2.4. Model Validation

For evaluating the stability and the predictive ability of QSPR models developed in the present paper, we applied the following three validation strategies from the list of five basic validation procedures presented in [25,26,27]: y-randomization test, the internal validation, and external validation.
Y-randomization test. The main aim of the y-randomization test is to detect and quantify chance correlations between the dependent variable and descriptors [25]. This test is designed to ensure the robustness of a QSPR model [26]. When applying the y-randomization test, the dependent variable, in our case Rm, or nD, or P, is randomly shuffled and a new QSPR model is developed using the independent variable, the ZEP index, but not randomly. The process is repeated several times. All QSPR models obtained are expected to have low R2 values, otherwise the QSPR model developed cannot be used for the given data set. According to Kiralj et al. [27], if R2yi < 0.2, there is no risk of a chance correlation in the developed model.
Internal validation. In our study, the validity of the model was tested using the cross-validation (CV) method and ‘leave-one-out’ (LOO) procedure in the training set. As is well-known, the correlation coefficient leave-one-out cross-validation describes the stability of a regression model. According to Kiralj et al. [27], the criterion of robustness and predictive ability of the model assumes R2CV > 0.5. It is accepted that the minimal acceptable statistics for a QSPR regression model are requirements R2cv ˃ 0.5 and R2 ˃ 0.6, see [23]. It is also generally agreed that a large difference between R2 and R2cv (exceeding 0.2–0.3) is an indicator of the overfitting of the QSPR model.
External validation. The purpose of the external validation is to test the true predictive ability of the QSPR model. For this purpose, we analyzed the test data set of compounds that were not included in the training set or used in the model development. We first applied the y-randomization test, then we calculated the statistical parameters R2ext and Q2ext, similarly to R2 and R2CV for the training set. The external validation performance is given by R2ext and Q2ext. R2ext is a measure of fitting for the external validation set and can be compared to R2 for the training data set [28].

3. Results and Discussion

We calculated the ZEP index for the 84 acids used in this study: the values obtained for the 50 saturated aliphatic monocarboxylic acids are listed in Table 1, the ZEP index values of the 13 aliphatic dicarboxylic acids and 17 unsaturated acids are listed in Table 3 and Table 4, respectively, while the values of ZEP for the remaining four acids are listed in Table 5.

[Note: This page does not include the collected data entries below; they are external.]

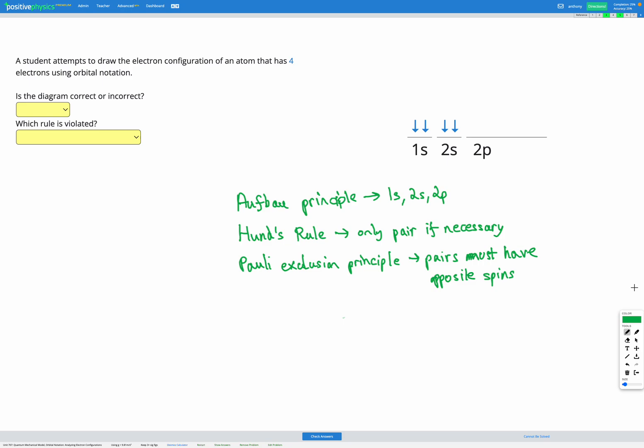In this question we have an atom with four electrons. Let's go through and check if this student's diagram looks correct or not. Firstly, the Aufbau Principle — we have to fill the 1s subshell first, then the 2s subshell, and then the 2p subshell etc. Here we can see we've got two in the 1s subshell so that's full, two in the 2s subshell so that's full, and that's all our electrons. So that looks correct — they filled in the right order. The Aufbau Principle is being followed.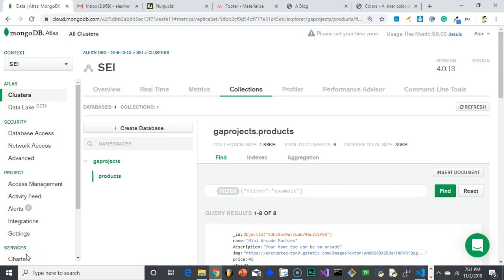Hey everybody, this is Alex Merced from alexmercedcoder.com with another video in our series as we start to construct our COA application. We pretty much got all our pieces of COA connected and working, so now the next step is to get connected to a database.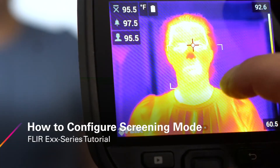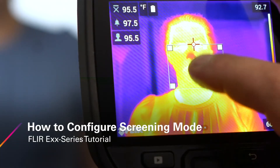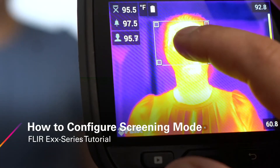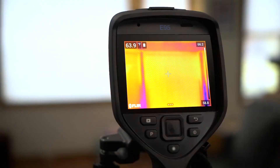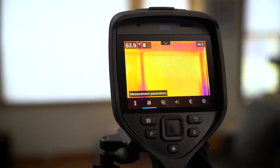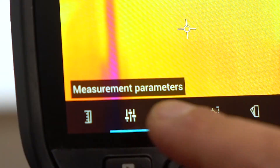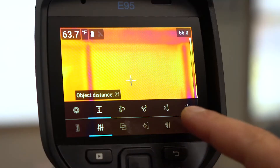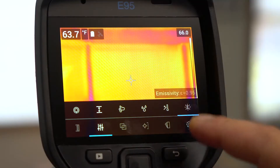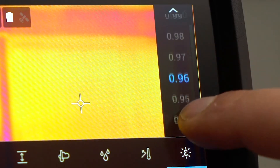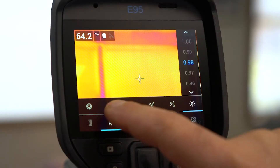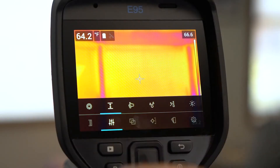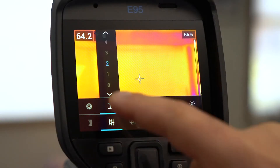This video demonstrates how to switch from the factory default settings to the screening mode. First, tap the screen to bring up the menu and select measurement parameters. Set your emissivity to 0.98. Next, set the distance from your camera to your target.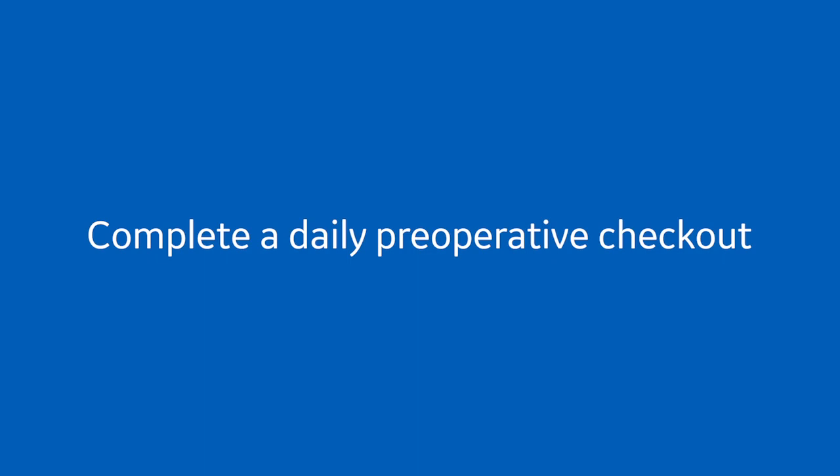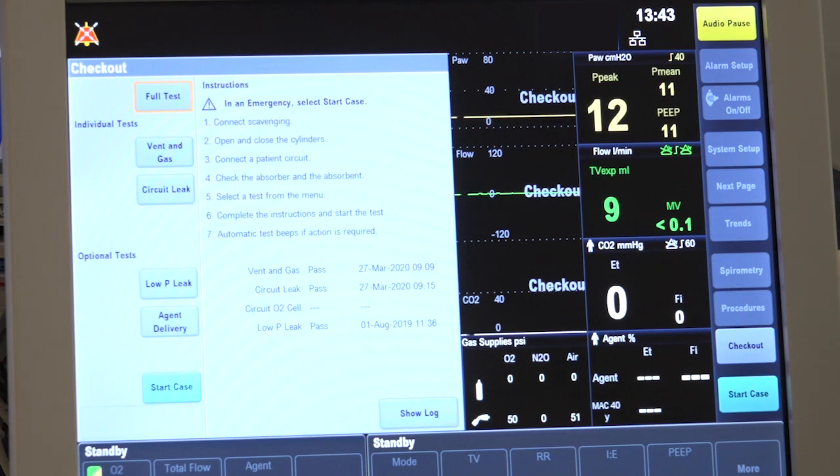Complete a daily peri-op checkout as described in the user's manual. The anesthesia machine is intended to be power cycled and fully tested once a day. All accessories that will be used during the case should be attached to the circuit to ensure accurate circuit compliance.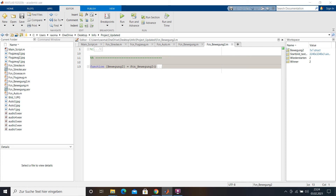Hello, in this video I will show you our program which we have written for our university project. The software which we have used is MATLAB, and the code is compatible with MATLAB as well as Octave GNU.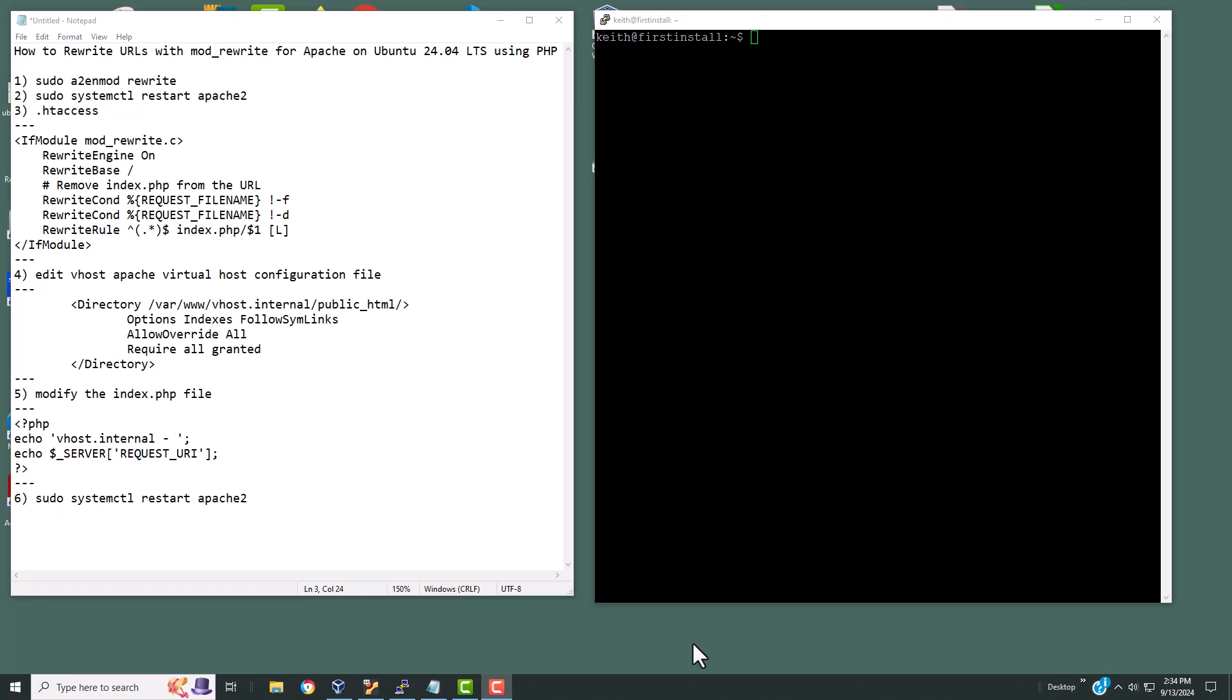In this video, what I'd like to cover is how to rewrite URLs with mod rewrite for Apache on Ubuntu 24.04 long-term support using PHP.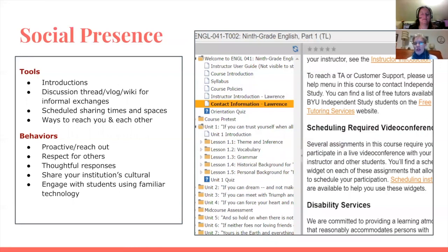Start your course out with introductions — it's important for students to get to know each other. Here on the right you can see an example of a ninth grade English course. In the welcome module you can see the course intro, the syllabus, the course policies, the instructor intro, and contact info. You'll also see that there are scheduled required video conferences. Setting up times to meet, making yourself available to students, and designing interaction between you and your students as well as between students themselves can all help create social presence.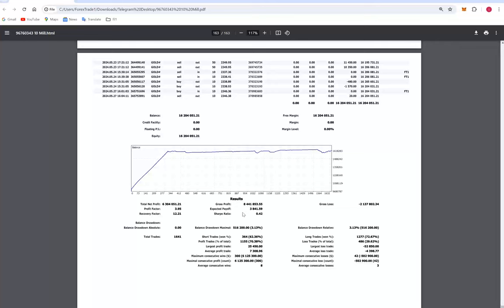Talking about the averages: the average profit is $7,308 and the average loss is $4,398, which gives a risk-reward ratio of 1.1 to 1.66. The break-even ratio is 10,000 divided by 266, which comes to approximately 37%. Our accuracy ratio is 70%, meaning we are about 33% above the break-even requirement.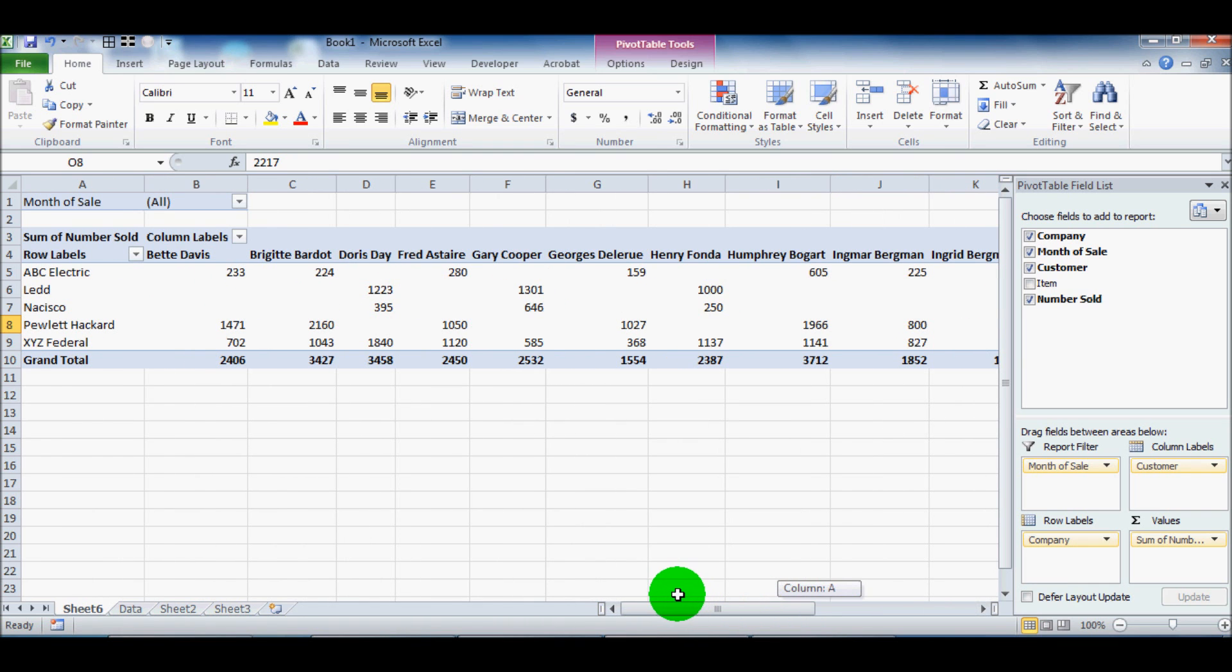Pivot tables are very powerful tool. This is just kind of a very scratching the surface introductory look at it. And I'll be posting some more advanced videos shortly.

3.1. QSPR Model Building for Molecular Refraction

3.1.1. Saturated Aliphatic Monocarboxylic Acids

In order to build a QSPR model for the molecular refractivity, we applied the above mentioned procedure. Table 1 displays the experimental molecular refraction for the 50 saturated aliphatic monocarboxylic acids having asymmetric structure with respect to the carboxyl group or having an asymmetric carbon atom. They were divided into two subsets: one set with 26 acids that formed the training set used in the modelling process, and another set with 24 acids that formed the test set, which are marked with b and was used for testing the model in external validation.
By correlating the molecular refractivity with ZEP index for the 26 monocarboxylic acids, which were used as a training set, we obtained the following linear QSPR model:
Rm = −2.152 (±0.151) + 1.331 (±0.005) ZEP
N = 26 R = 0.9999 R2 = 0.9998. R2CV = 0.9998 Q2ext = 0.9998 s = 0.2069 F = 73,732.2; MAE = 0.147; MAD = 0.11
The QSPR model (5) has a very good statistical quality for fitting the calculated Rm values to the experimental ones. The robustness of the model (5) and its internal predictive ability were evaluated by R2CV–cross validation coefficient based on leave-one-out (LOO); its value of 0.9998 being very good. Model (5) was also checked for reliability, robustness, and chance correlation by applying the y-randomization test. The y-randomization test was performed 10 times. Results of the y-randomization test are presented in Table 6.
In each y-randomization run, R2yi < 0.2, which shows that the good results in our original model were not due to a chance correlation or structural dependency of the training set. The QSPR model (5) was statistically internally validated and this equation was used for the calculating values of the molecular refractivity for the training set, and also for the Rm predicted values of monocarboxylic acids in the test set. The results are presented in Table 1. The analysis of residuals of predicted molecular refractivity against the experimental values, in the training set, shows that the residuals only exceeded in three situations the standard deviation limits of ±2 s, in our case we had ±0.42. There were three small excesses that appeared for acids with similar structure: 2,2-dimethylpropanoic(−0.47 error), 3,3-dimethylpentanoic (+0.45 error), and 3,3-dimethylhexanoic (+0.47 error). The linear QSPR equation resulted from eliminating these three values from the correlation process is the following:
Rm = −2.279 (±0.093) + 1.334 (±0.003) ZEP
N = 23 R = 0.9999 R2 = 0.9998 R2CV = 0.9998 s = 0.123 F = 199,918.5; MAE = 0.106; MAD = 0.08
By eliminating those values, the goodness of fit, the reliability, and the robustness of the QSPR model (6) are not significantly improved.
The capability of the linear model (5) to predict Rm values for monocarboxylic acids with unknown Rm, was investigated in the test set. The predicted Rm values for a series of the 24 monocarboxylic acids included in the test set were calculated with Equation (5) and are given in Table 1, together with their deviations from the corresponding experimental Rm values.
Note that the number of acids in the test set (24 acids) is close to the number of compounds in the original training set (26 acids):
Rm = −1.832 (±0.196) + 1.326 (±0.005) ZEP
N = 24   R ext = 0.999   R 2 ext = 0.998   R 0 ext 2 = 0.998   R cv   ext 2 = 0.998   s = 0.2356   F = 66,537.3 ;   MAE = 0.1604 ;   MAD = 0.105
The analysis of residuals shows a single compound, that is, 2,2,3,3-tetramethylbutanoic acid, falling outside the standard deviation limits of ±2 s. All the validation strategies show that the obtained model (5) is a valid QSPR model for the prediction of molecular refractivity of monocarboxylic acids. A general QSPR model for all the 50 monocarboxylic acids was also proposed:
Rm = −2.081 (±0.115) + 1.334 (±0.003) ZEP
N = 50 R = 0.9999 R2 = 0.9998 R2CV = 0.9998 s = 0.2258 F = 158,423.74; MAE = 0.159; MAD = 0.105
The obtained result suggests that our QSPR model (5) is, indeed, very good.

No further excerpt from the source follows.